> Supplied entries
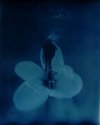 Abstract 1 (figure on flower)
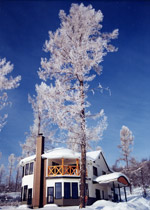 旅の宿 Mr.GNUの写真1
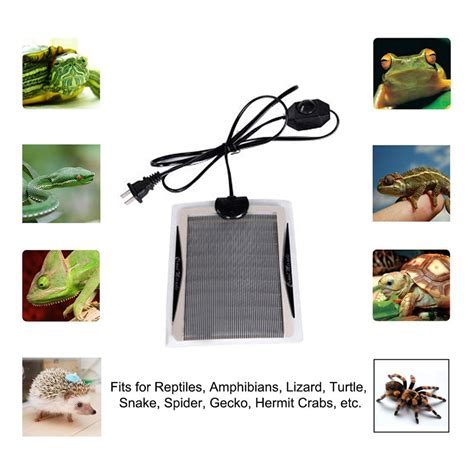 Terrarium Reptielen 5 35W Warmte Mat Klimmen Huisd Grandado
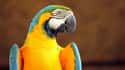 Macaw on Random World's Most Beautiful Animals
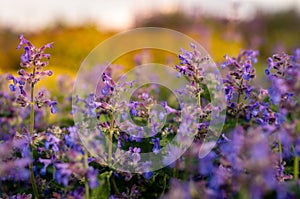 Purple meadow flowers during sunset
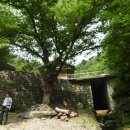 2019. 7월 성지순례(聖地巡禮) 창녕 - 석불사(石佛寺) 이미지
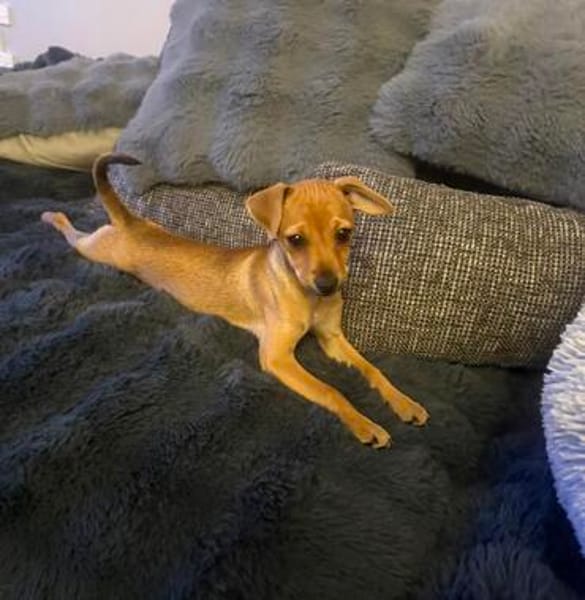 Miya ein kleines Rehpinscher Mix Mädchen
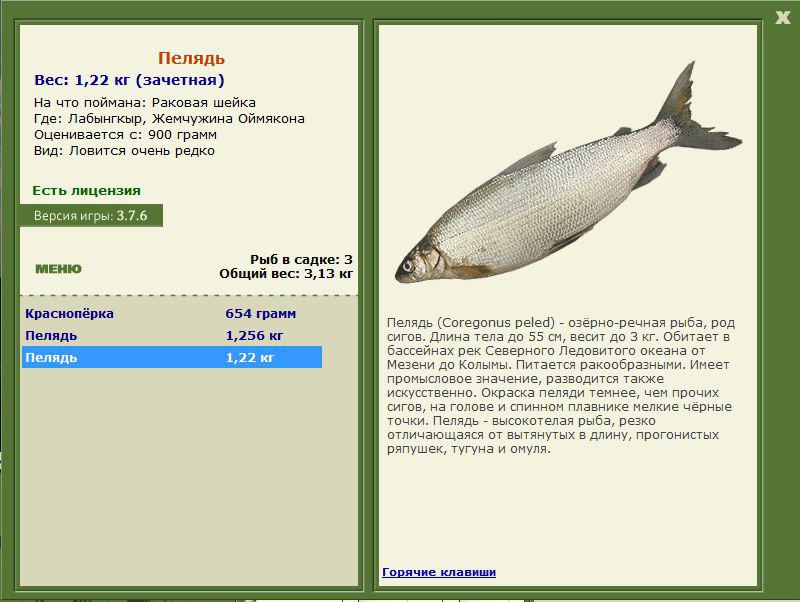 РУССКАЯ РЫБАЛКА Installsoft Edition 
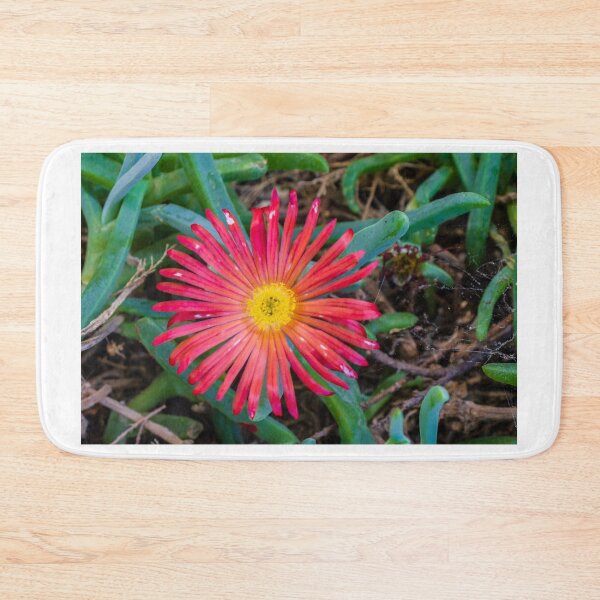 Item preview, Sunlit Close-Up Red Ice Plant Flower Blooming Among Succulent Green Leaves In Garden designed and sold by Nmallia.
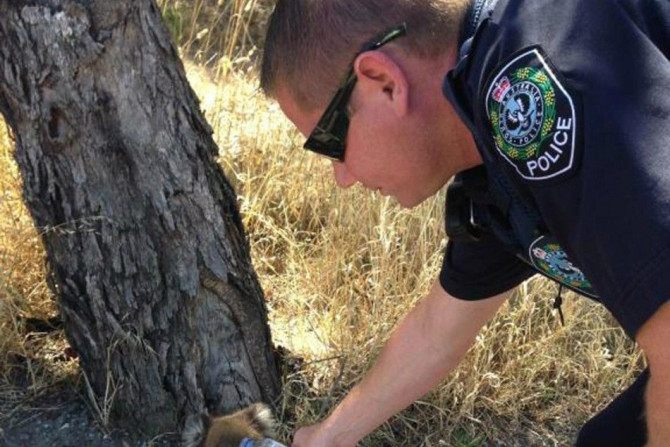 A South Australian policeman offers a drink of water to a koala at the side of the road 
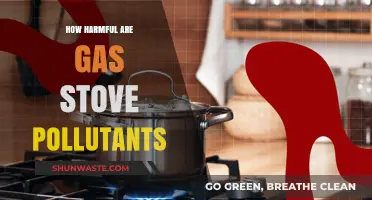 Gas Stove Pollution: A Health Hazard in Your Home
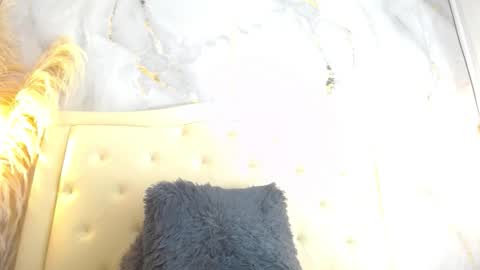 Snapshot of samy_moore14 chatting on 13, 12, 2025 S A M A N T H A online show from 13, 12, 2025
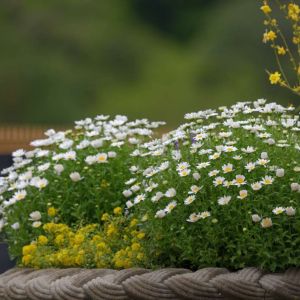 Leucanthemum paludosum – Chrysanthemum plaudosum – Melampodium paludosum – get a quote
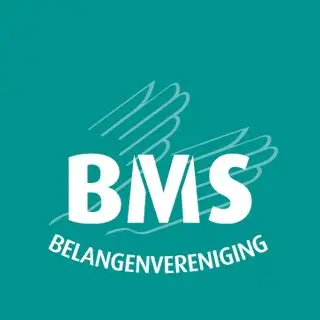 BMS.webp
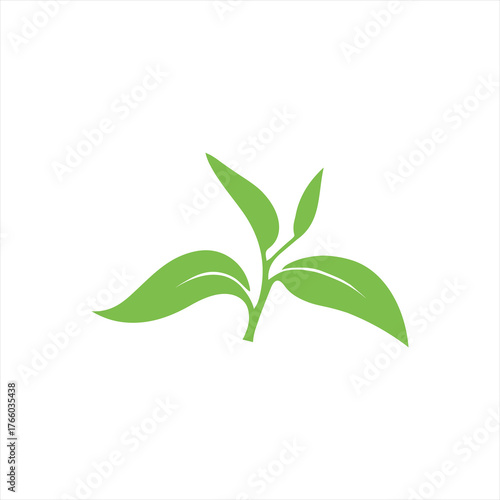Green tea leaves sprout on a white background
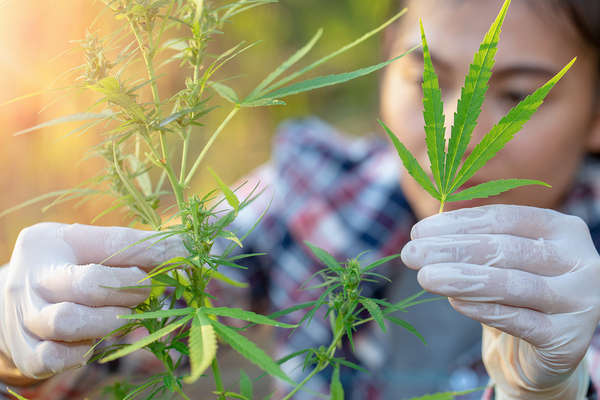 Person inspecting a cannabis plant.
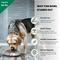 Show in main carousel: Iconic Pet Heavy Weight Non-Skid Easy Feed High Back Dog Bowl, Stainless Steel, 2 count, 8-cup slide 4 of 9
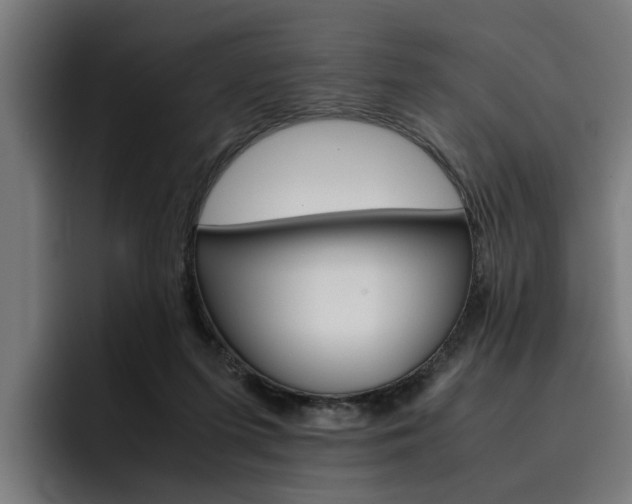 X0000093490215200710121019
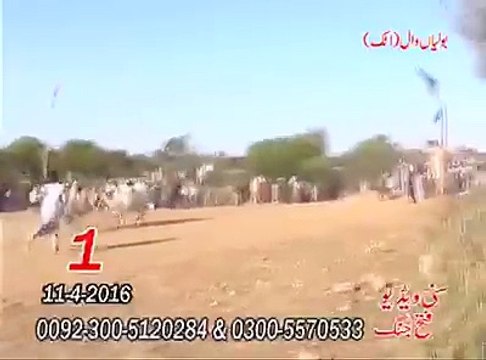 T.A.M.A.S.H.A پہلا نمبر - بولیاں وال اٹک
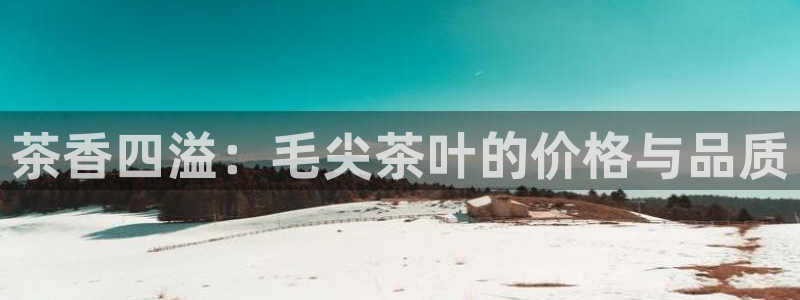 安信安翼 12账号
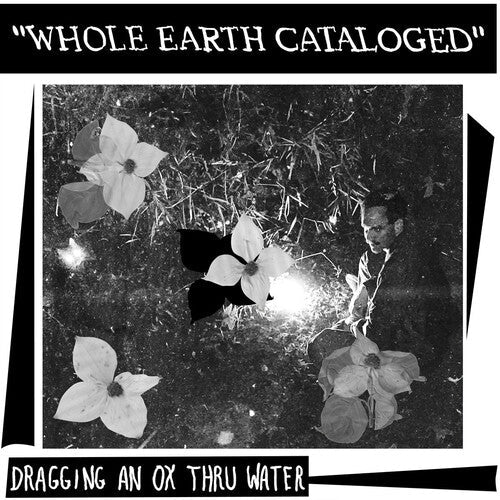 Dragging An Ox - (PRESALE 5/29/26) Whole Earth Catalogued (VINYL) | Mint (M) Mint (M)-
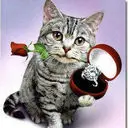 蓝色龙猫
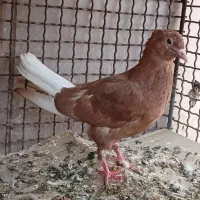 قوره ای و دم سفید و المانی (کفتر)|پرنده|بیرجند, |دیوار
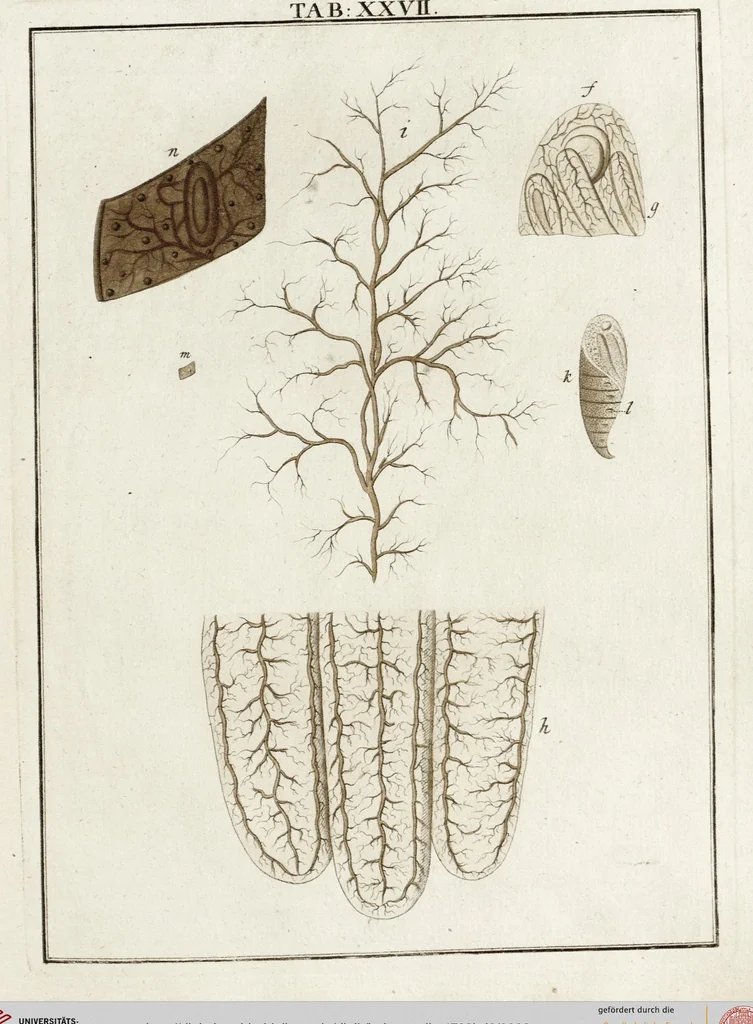 An illustration from (Band 2): Martin Frobenius Ledermüllers, Hochfürstlich- Brandenburg- Culmbachischen Justiz-Raths ... Nachlese seiner Mikroskopischen Gemüths- und Augen-Ergötzung: Bestehend in zehen fein illuminirten Kupfertafeln, Sammt deren Erklärung: und Einer getreuen Anweisung, wie man alle Arten Mikroskope geschickt, leicht und nützlich gebrauchen solle, 1762, leaf 93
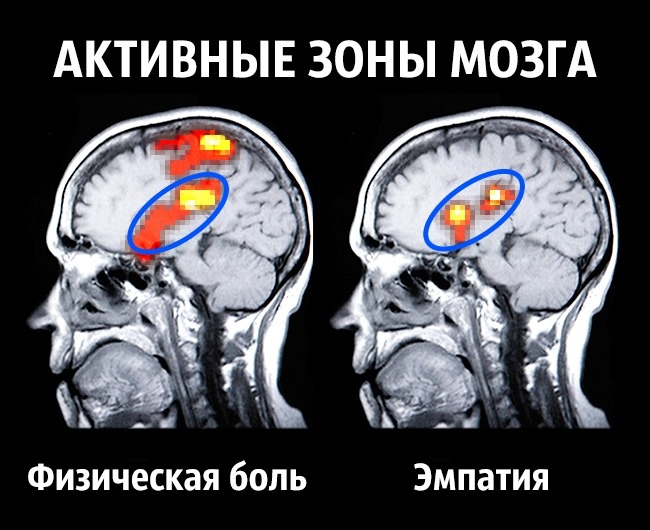 8 советов нейробиолога о том, как стать счастливым раз и навсегда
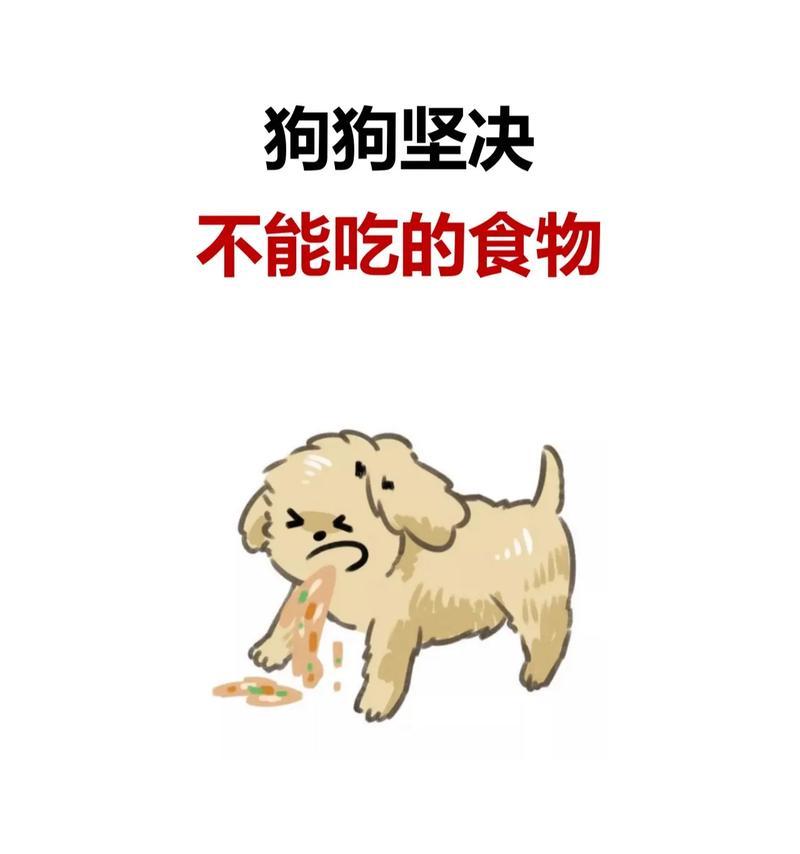 狗吃自制食物后是否可以停喂狗粮？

> Required action
Pictures are not part of the copy; output everything else in the records exactly.

> Task result
 Abstract 1 (figure on flower)
 旅の宿 Mr.GNUの写真1
 Terrarium Reptielen 5 35W Warmte Mat Klimmen Huisd Grandado
 Macaw on Random World's Most Beautiful Animals
 Purple meadow flowers during sunset
 2019. 7월 성지순례(聖地巡禮) 창녕 - 석불사(石佛寺) 이미지
 Miya ein kleines Rehpinscher Mix Mädchen
 РУССКАЯ РЫБАЛКА Installsoft Edition 
 Item preview, Sunlit Close-Up Red Ice Plant Flower Blooming Among Succulent Green Leaves In Garden designed and sold by Nmallia.
 A South Australian policeman offers a drink of water to a koala at the side of the road 
 Gas Stove Pollution: A Health Hazard in Your Home
 Snapshot of samy_moore14 chatting on 13, 12, 2025 S A M A N T H A online show from 13, 12, 2025
 Leucanthemum paludosum – Chrysanthemum plaudosum – Melampodium paludosum – get a quote
 BMS.webp
Green tea leaves sprout on a white background
 Person inspecting a cannabis plant.
 Show in main carousel: Iconic Pet Heavy Weight Non-Skid Easy Feed High Back Dog Bowl, Stainless Steel, 2 count, 8-cup slide 4 of 9
 X0000093490215200710121019
 T.A.M.A.S.H.A پہلا نمبر - بولیاں وال اٹک
 安信安翼 12账号
 Dragging An Ox - (PRESALE 5/29/26) Whole Earth Catalogued (VINYL) | Mint (M) Mint (M)-
 蓝色龙猫
 قوره ای و دم سفید و المانی (کفتر)|پرنده|بیرجند, |دیوار
 An illustration from (Band 2): Martin Frobenius Ledermüllers, Hochfürstlich- Brandenburg- Culmbachischen Justiz-Raths ... Nachlese seiner Mikroskopischen Gemüths- und Augen-Ergötzung: Bestehend in zehen fein illuminirten Kupfertafeln, Sammt deren Erklärung: und Einer getreuen Anweisung, wie man alle Arten Mikroskope geschickt, leicht und nützlich gebrauchen solle, 1762, leaf 93
 8 советов нейробиолога о том, как стать счастливым раз и навсегда
 狗吃自制食物后是否可以停喂狗粮？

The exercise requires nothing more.